New research from JP Morgan has found that Macquarie mortgages will continue to grow significantly over the next two years, largely due to excess deposits that are currently invested in liquids.
“They can redeploy that into the mortgage book reasonably freely,” JP Morgan executive director Scott Manning told Mortgage Business.
“At the current rate of growth, we think that will give them ongoing strong growth for the next two years and that will get their balances up from their current levels up to around $30 billion over the next two years,” Mr Manning said.
APRA figures value Macquarie’s mortgage book at $13.5 billion as of 31 April.
JP Morgan expects the lender’s mortgage growth to moderate after two years.

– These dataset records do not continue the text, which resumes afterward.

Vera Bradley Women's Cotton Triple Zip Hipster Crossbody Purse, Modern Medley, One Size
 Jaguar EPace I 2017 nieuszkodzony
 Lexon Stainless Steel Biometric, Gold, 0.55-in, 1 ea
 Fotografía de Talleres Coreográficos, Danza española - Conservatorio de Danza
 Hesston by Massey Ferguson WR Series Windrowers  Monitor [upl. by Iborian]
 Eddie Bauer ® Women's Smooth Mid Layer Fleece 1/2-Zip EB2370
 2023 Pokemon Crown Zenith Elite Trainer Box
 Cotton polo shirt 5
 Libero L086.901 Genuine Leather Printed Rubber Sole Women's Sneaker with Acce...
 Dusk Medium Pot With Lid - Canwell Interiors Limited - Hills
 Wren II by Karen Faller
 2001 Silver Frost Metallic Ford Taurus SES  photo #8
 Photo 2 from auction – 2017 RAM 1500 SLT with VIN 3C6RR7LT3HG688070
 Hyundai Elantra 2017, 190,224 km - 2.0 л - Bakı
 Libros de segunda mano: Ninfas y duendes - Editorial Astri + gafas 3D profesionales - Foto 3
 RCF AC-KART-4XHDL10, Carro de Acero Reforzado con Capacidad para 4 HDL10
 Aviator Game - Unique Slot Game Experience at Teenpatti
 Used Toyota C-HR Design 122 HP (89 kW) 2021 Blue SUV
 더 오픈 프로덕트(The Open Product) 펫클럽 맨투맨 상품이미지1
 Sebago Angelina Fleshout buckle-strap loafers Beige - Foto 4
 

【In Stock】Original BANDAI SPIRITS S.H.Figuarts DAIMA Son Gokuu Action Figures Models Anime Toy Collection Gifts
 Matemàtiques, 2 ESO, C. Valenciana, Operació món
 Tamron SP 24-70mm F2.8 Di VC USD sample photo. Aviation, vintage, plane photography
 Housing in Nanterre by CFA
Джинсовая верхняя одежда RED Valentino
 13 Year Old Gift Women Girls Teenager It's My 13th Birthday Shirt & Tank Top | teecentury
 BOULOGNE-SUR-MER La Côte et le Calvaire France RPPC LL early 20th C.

“At that point you start to get some issues around commoditisation of the front book that you have just grown, as well as more stringent liability matching on the other side,” Mr Manning said.
“You’ve gone from using excess deposits to then being reliant on deposit growth and RMBS funding,” he said. “So we expect that growth rate to slow down after that two-year period.”
By this time the bank should have its core IT banking system – which is currently being developed – up and running, allowing it to broaden its retail offering, Mr Manning said, noting the recent acquisition of the Woolworths credit card offering from HSBC as an example of future retail plays.
Potential acquisition targets over the next two years include ING DIRECT, ME Bank and the Australian subsidiaries of HSBC or Citi, Mr Manning said.
“However, Macquarie traditionally doesn’t pay a lot of goodwill,” he said.
“So if you are looking at the capital you would tie up in goodwill relative to the rate of growth that you are currently doing and therefore the amount of capital you could deploy organically, it would be hard to argue a business case to pay goodwill for an acquisition.
“You may as well deploy that capital organically.”